Segment Open

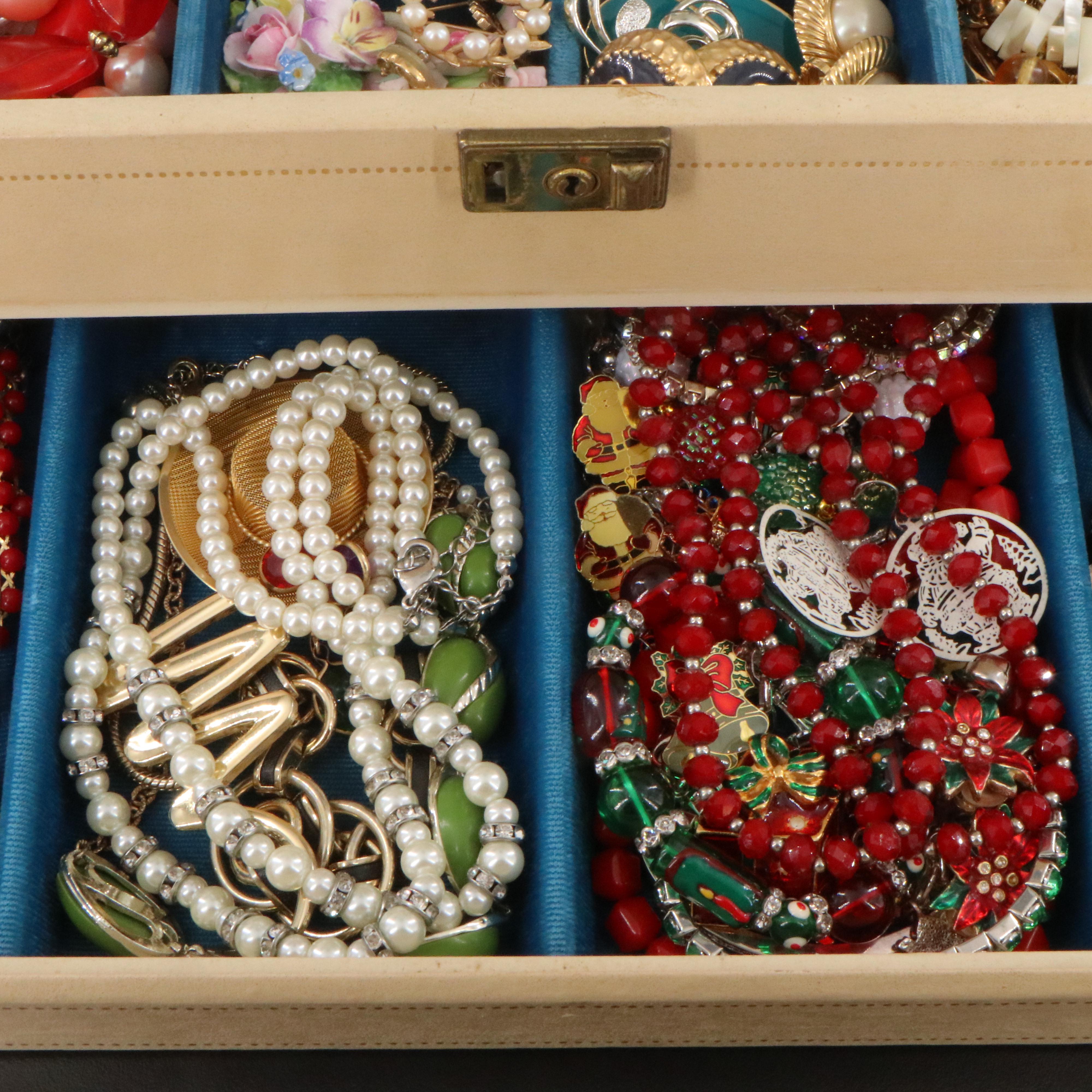 Uncommon Discoveries: Jewelry Collection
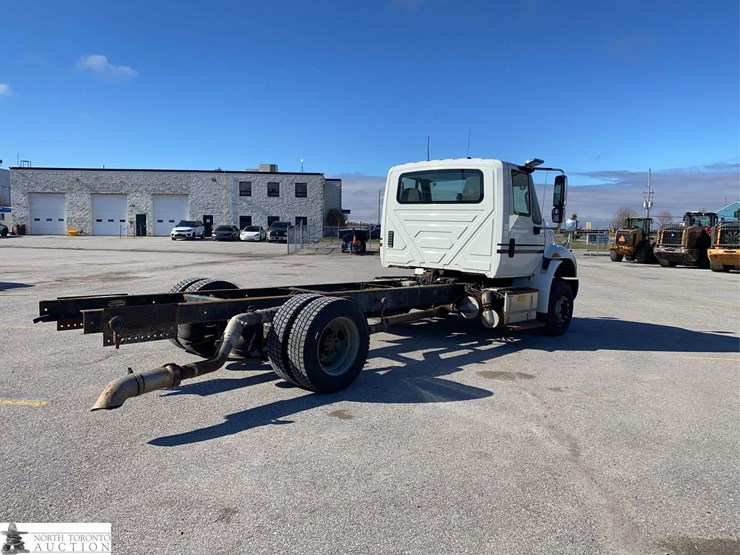 2017-international-durastar-4300-image-5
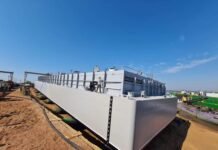 Astillero Aguapé concluye construcción de 12 barcazas tanques que se incorporan a la bandera Paraguaya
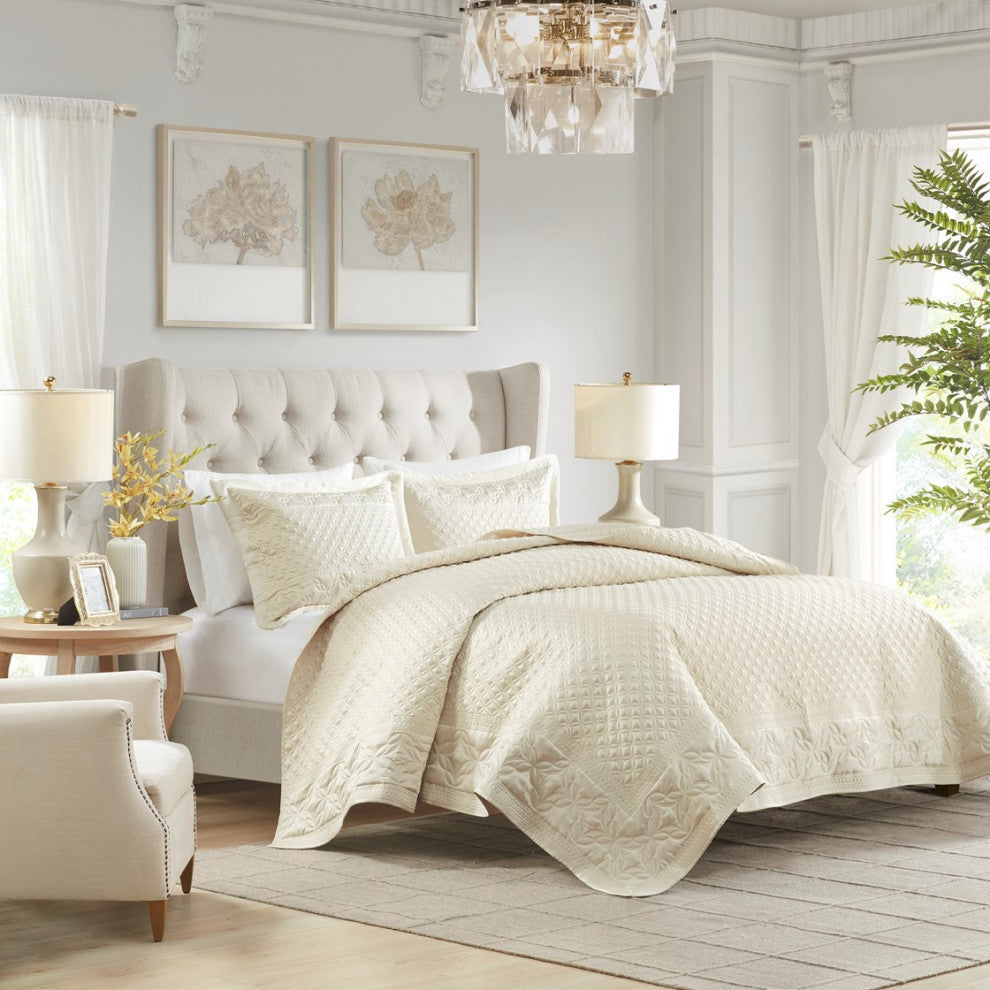 Croscill Versailles Matte Satin 3-Piece Quilt Set, Champagne, King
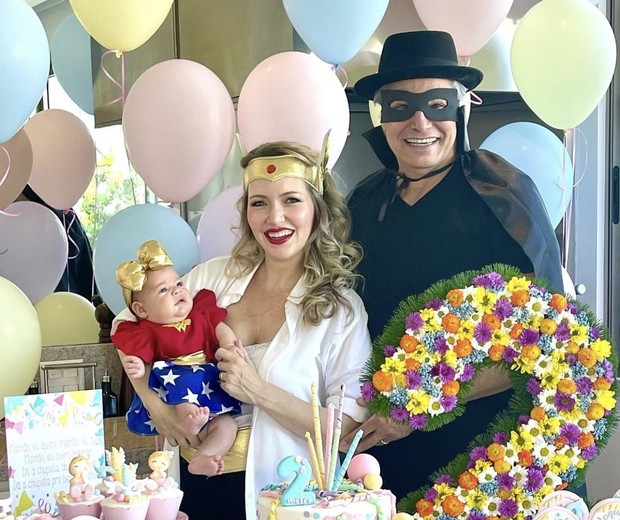 Edson Celulari, ao lado da esposa Karin Roepke, comemorou dois meses de vida de sua filha, Chiara (Foto: Reprodução / Instagram)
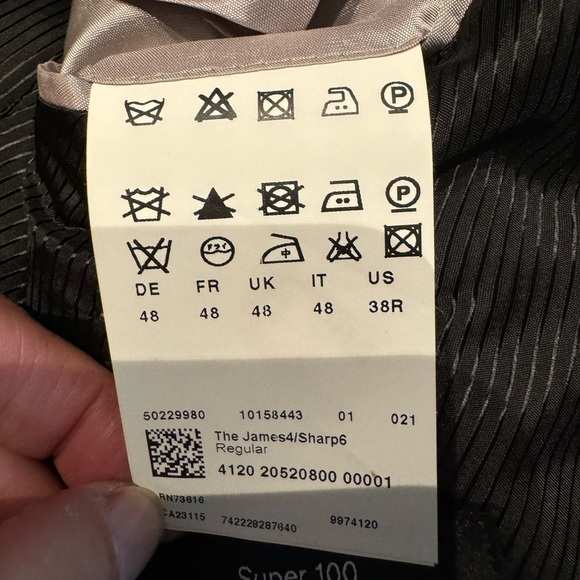 Hugo Boss James Sharp 100% wool grey pinstripe suit 38R. Excellent condition - Picture 3 of 4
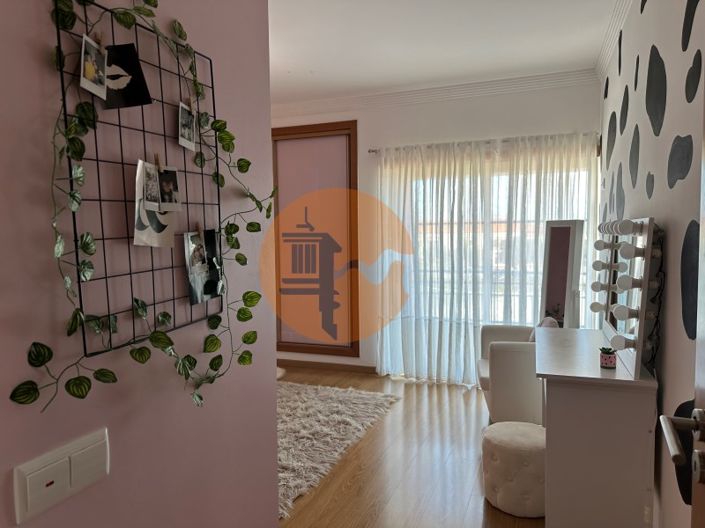 Image No.59-5 Bed House for sale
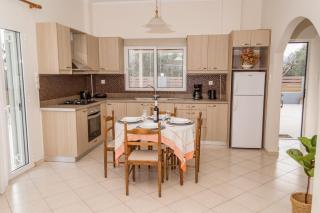 Olivia House -BY APOKORNAS VILLAS - 3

Segment Closed

[Your goal]: Word for word, restate the records above and drop the pictures.

[Solution to the problem]:
 Uncommon Discoveries: Jewelry Collection
 2017-international-durastar-4300-image-5
 Astillero Aguapé concluye construcción de 12 barcazas tanques que se incorporan a la bandera Paraguaya
 Croscill Versailles Matte Satin 3-Piece Quilt Set, Champagne, King
 Edson Celulari, ao lado da esposa Karin Roepke, comemorou dois meses de vida de sua filha, Chiara (Foto: Reprodução / Instagram)
 Hugo Boss James Sharp 100% wool grey pinstripe suit 38R. Excellent condition - Picture 3 of 4
 Image No.59-5 Bed House for sale
 Olivia House -BY APOKORNAS VILLAS - 3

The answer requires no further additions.